At some point, in the middle of the night, I had a panic attack. I feared death and loss, but I also feared being alone. I envisioned long stretches of nothingness, of anxiety, of forgetting how to interact. "It will always be this way," my anxiety-brain screamed at me. I cracked open a window, told my brain to shut up, and watched six hours of Scrubs.

Eventually, a friend desperate for a new apartment emerged to cure my loneliness

At the end of March, I got an early-morning phone call from a friend who lived in a nearby neighborhood. "I have to get out of my apartment," he said. "Is that room still open?" It very much was, though I'd started going into it during the day to pretend I was on a short trip.
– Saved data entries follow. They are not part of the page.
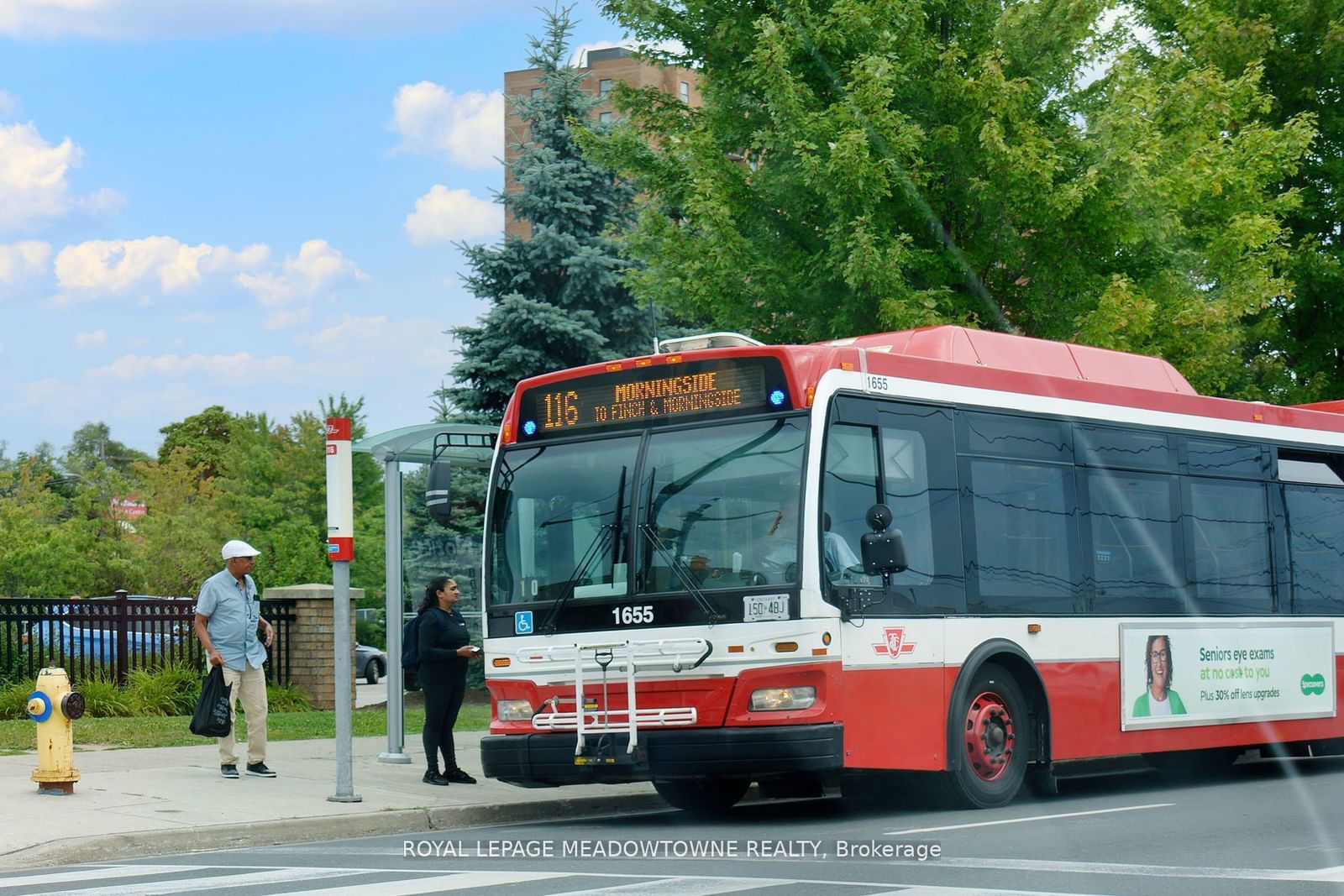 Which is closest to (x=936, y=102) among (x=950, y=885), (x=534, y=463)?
(x=534, y=463)

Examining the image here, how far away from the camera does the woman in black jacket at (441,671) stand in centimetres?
1319

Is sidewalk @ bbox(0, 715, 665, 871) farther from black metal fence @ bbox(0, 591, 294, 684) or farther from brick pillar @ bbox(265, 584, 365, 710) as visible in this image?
brick pillar @ bbox(265, 584, 365, 710)

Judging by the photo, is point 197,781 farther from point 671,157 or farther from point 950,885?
point 671,157

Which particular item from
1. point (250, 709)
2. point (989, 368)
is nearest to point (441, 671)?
point (250, 709)

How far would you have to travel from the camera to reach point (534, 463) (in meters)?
12.0

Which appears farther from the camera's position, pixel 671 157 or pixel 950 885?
pixel 671 157

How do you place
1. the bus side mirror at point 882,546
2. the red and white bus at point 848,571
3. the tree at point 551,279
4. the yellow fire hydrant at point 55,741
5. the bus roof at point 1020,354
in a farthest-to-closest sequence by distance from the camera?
the tree at point 551,279 → the bus roof at point 1020,354 → the yellow fire hydrant at point 55,741 → the red and white bus at point 848,571 → the bus side mirror at point 882,546

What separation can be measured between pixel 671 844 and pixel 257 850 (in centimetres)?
251

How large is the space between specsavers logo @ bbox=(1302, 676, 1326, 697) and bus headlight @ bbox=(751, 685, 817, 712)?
21.3 ft

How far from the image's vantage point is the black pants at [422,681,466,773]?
13180 mm

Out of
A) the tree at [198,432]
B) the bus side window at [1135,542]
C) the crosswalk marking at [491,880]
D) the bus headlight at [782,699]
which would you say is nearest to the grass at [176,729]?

We settled on a move-in date in mid-April.

Once I knew my complete isolation would be temporary, I started to enjoy living alone. The midnight dance parties were more joyful, the late-night living room TV binges an embrace of brief freedom, the piles of my own dishes more a purposeful statement than a symptom of depression. It was still nice to have space, I decided. But having someone answer me when I spoke out loud would be even nicer.

My new roommate eventually did move in, and it took me a minute to readjust to cohabitation. I bristled briefly at the dishes that weren't mine, the negotiation over couch-sharing, the fact that my late-night dance parties were now verboten. But the benefits of having a living, breathing human only feet away from me far outweighed the negatives. Little things that annoyed me before quarantine — footsteps in the living room, loud music, hair in the shower drain — were now a reminder that I wasn't the last, lonely human on the planet.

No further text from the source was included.